The phonology of Vietnamese features 19 consonant phonemes, with 5 additional consonant phonemes used in Vietnamese's Southern dialect, and 4 exclusive to the Northern dialect. Vietnamese also has 14 vowel nuclei, and 6 tones that are integral to the interpretation of the language. Older interpretations of Vietnamese tones differentiated between "sharp" and "heavy" entering and departing tones. This article is a technical description of the sound system of the Vietnamese language, including phonetics and phonology. Two main varieties of Vietnamese, Hanoi and Ho Chi Minh City, which are slightly different to each other, are described below.

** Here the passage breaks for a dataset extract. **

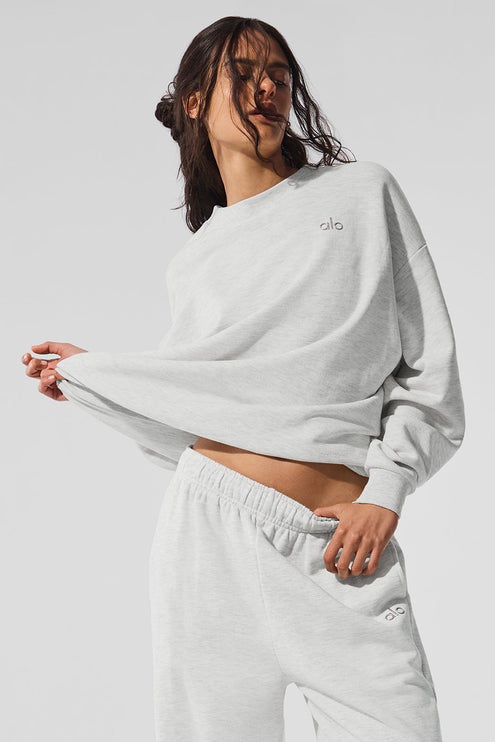 alo Women's Accolade Crew Neck Pullover - White Heather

Initial consonants which exist only in the Northern dialect are in red, while those that exist only in the Southern dialect are in blue.
The table below summarizes these sound correspondences:
|Diaphoneme||Hanoi||Ho Chi Minh City||Example|
|/v/||/v/||/j/ or /v/||vợ 'wife'||[və˨˩ˀ]||[jə˨˧] or [və˨˧]|
|gia 'to add'|
|/r/||/r/||ra 'to go out'||[ɺa˧]|
|/ʈ/||/ʈ/ or /c/||trẻ 'young'||[ʈɛ˩˥] or [cɛ˩˥]|
|/ʂ/||/ʂ/ or /s/||sinh 'born'||[ʂɪ̈n˧] or [sɪ̈n˧]|
|Close||/i/ ⟨i, y⟩||/ɨ/ ⟨ư⟩||/u/ ⟨u⟩|
|/e/ ⟨ê⟩||/ə/ ⟨ơ⟩
|Centering||/iə̯/ ⟨ia~iê⟩||/ɨə̯/ ⟨ưa~ươ⟩||/uə̯/ ⟨ua~uô⟩|
The IPA chart of vowel nuclei above is based on the sounds in Hanoi Vietnamese; other regions may have slightly different inventories. Vowel nuclei consist of monophthongs (simple vowels) and three centering diphthongs.

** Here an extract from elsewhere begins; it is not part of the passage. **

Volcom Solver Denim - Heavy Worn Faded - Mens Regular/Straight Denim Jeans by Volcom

|/w/ offglide||/j/ offglide|
|Centering||/iə̯w/ ⟨iêu⟩||/ɨə̯w/ ⟨ươu⟩||/ɨə̯j/ ⟨ươi⟩||/uə̯j/ ⟨uôi⟩|
|Close||/iw/ ⟨iu⟩||/ɨw/ ⟨ưu⟩||/ɨj/ ⟨ưi⟩||/uj/ ⟨ui⟩|
|/ɛw/ ⟨eo⟩||/aw/ ⟨ao⟩
Thompson (1965) says that in Hanoi, words spelled with ưu and ươu are pronounced /iw, iəw/, respectively, whereas other dialects in the Tonkin delta pronounce them as /ɨw/ and /ɨəw/. This observation is also made by Phạm (2008) and Kirby (2011).
When stops /p, t, k/ occur at the end of words, they have no audible release ([p̚, t̚, k̚]):
|đọc||'to read'||/ɗɔk/||→||[ɗăwk͡p̚], [ɗăwk̚ʷ]|
The pronunciation of syllable-final ch and nh in Hanoi Vietnamese has had different analyses. One analysis, that of Thompson (1965) has them as being phonemes /c, ɲ/, where /c/ contrasts with both syllable-final t /t/ and c /k/ and /ɲ/ contrasts with syllable-final n /n/ and ng /ŋ/. Final /c, ɲ/ is, then, identified with syllable-initial /c, ɲ/.
Another analysis has final ⟨ch⟩ and ⟨nh⟩ as representing different spellings of the velar phonemes /k/ and /ŋ/ that occur after upper front vowels /i/ (orthographic ⟨i⟩) and /e/ (orthographic ⟨ê⟩). This analysis interprets orthographic ⟨ach⟩ and ⟨anh⟩ as an underlying /ɛ/, which becomes phonetically open and diphthongized: /ɛk/ → [ăjk̟̚], /ɛŋ/ → [ăjŋ̟]. This diphthongization also affects ⟨êch⟩ and ⟨ênh⟩: /ek/ → [ə̆jk̟̚], /eŋ/ → [ə̆jŋ̟].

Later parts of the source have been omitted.